▼▼▼

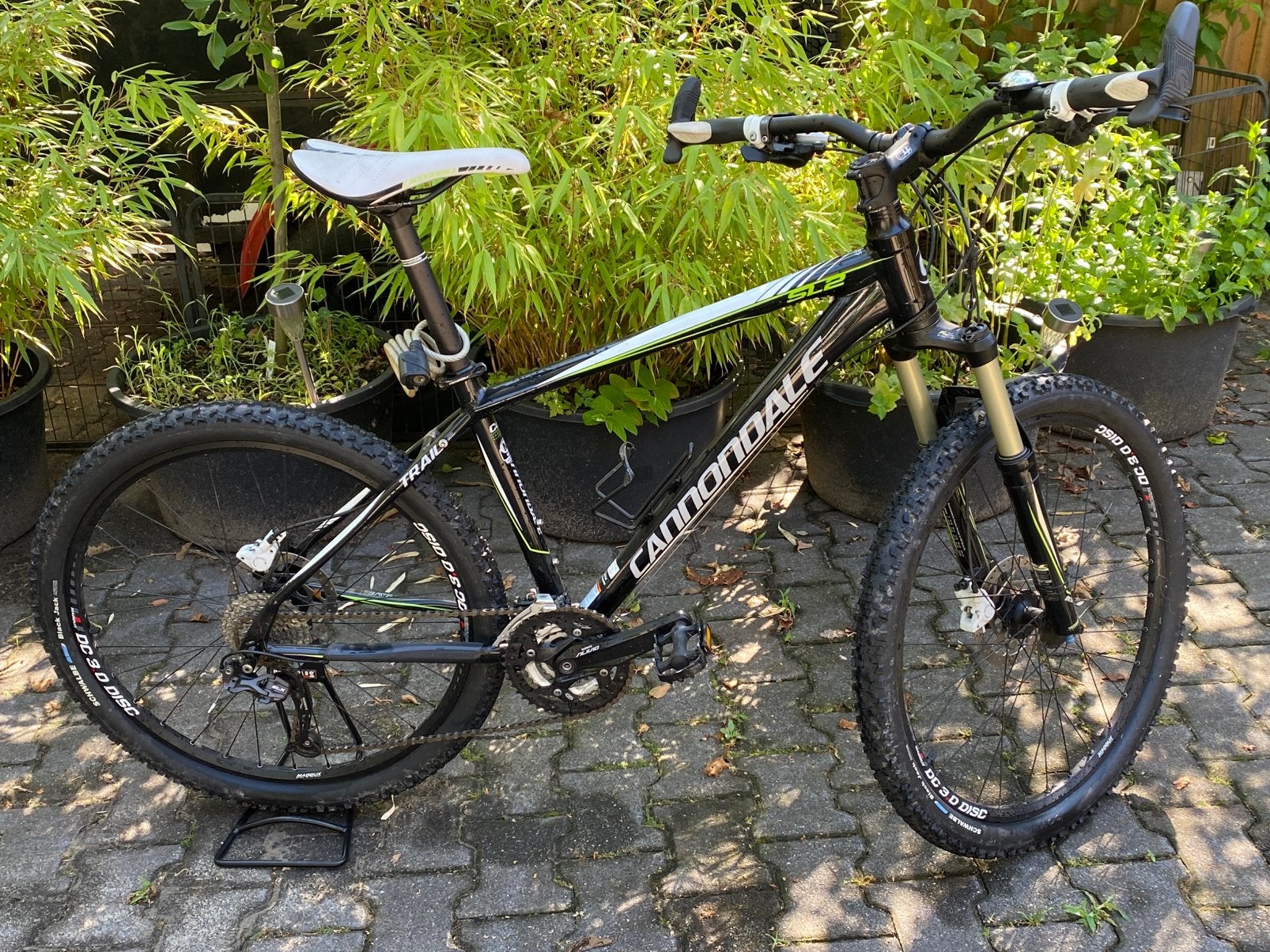 Cannondale SL2 Douce, Overige merken, Hardtail, 49 tot 53 cm, Ophalen of Verzenden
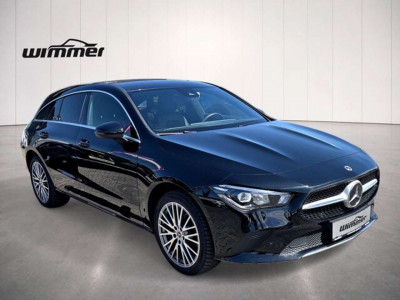 Mercedes-Benz CLA Gebrauchtwagen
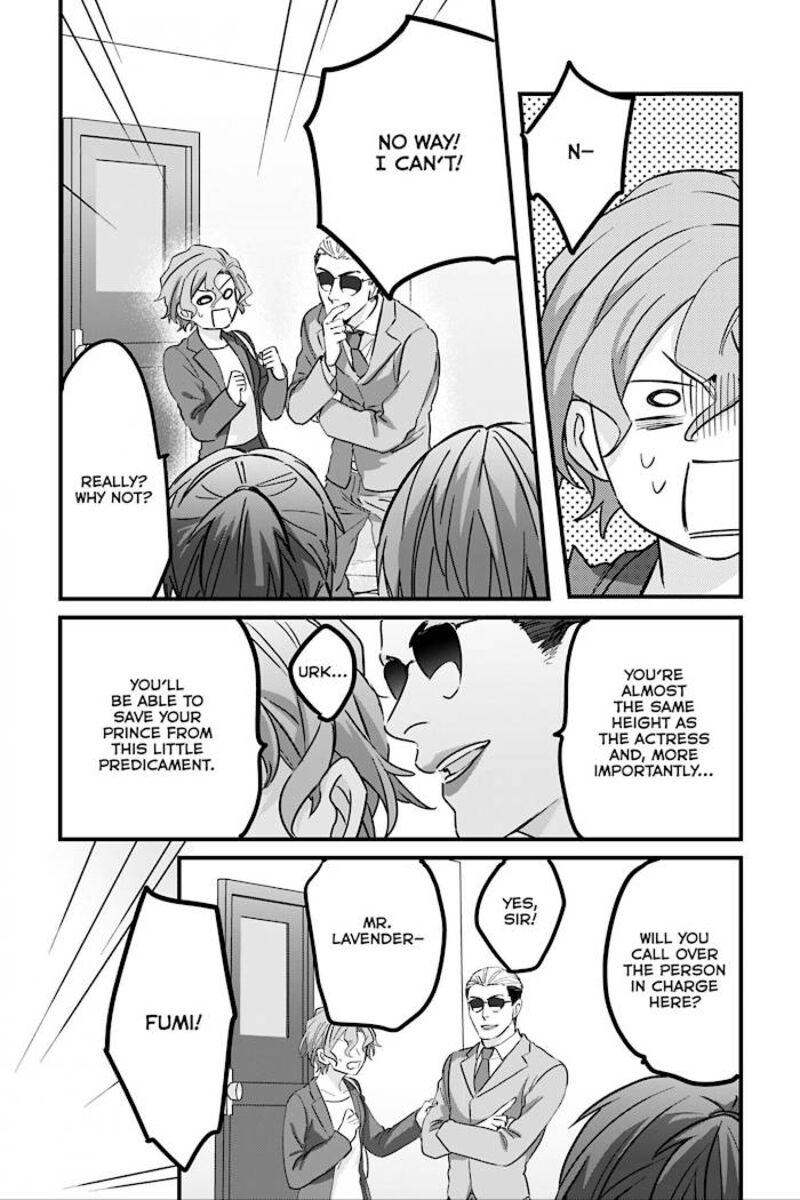 Ossan 36 Ga Idol Ni Naru Hanashi Chapter 24 Page 25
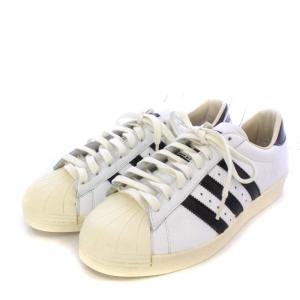 adidas Originals Superstar Made In France White Black スニーカー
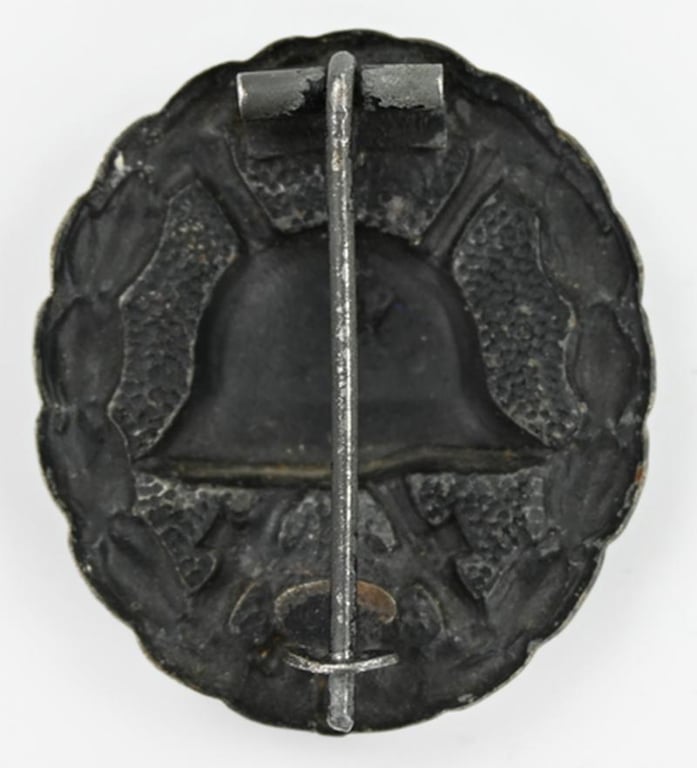 German WW1 Wound Badge Set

▲▲▲

What you are asked to do: Nothing but the lines from the one containing "Ossan 36 Ga" through the end of the listing should be written out, each exactly, and pictures must be left out.

Solution for this problem:
 Ossan 36 Ga Idol Ni Naru Hanashi Chapter 24 Page 25
 adidas Originals Superstar Made In France White Black スニーカー
 German WW1 Wound Badge Set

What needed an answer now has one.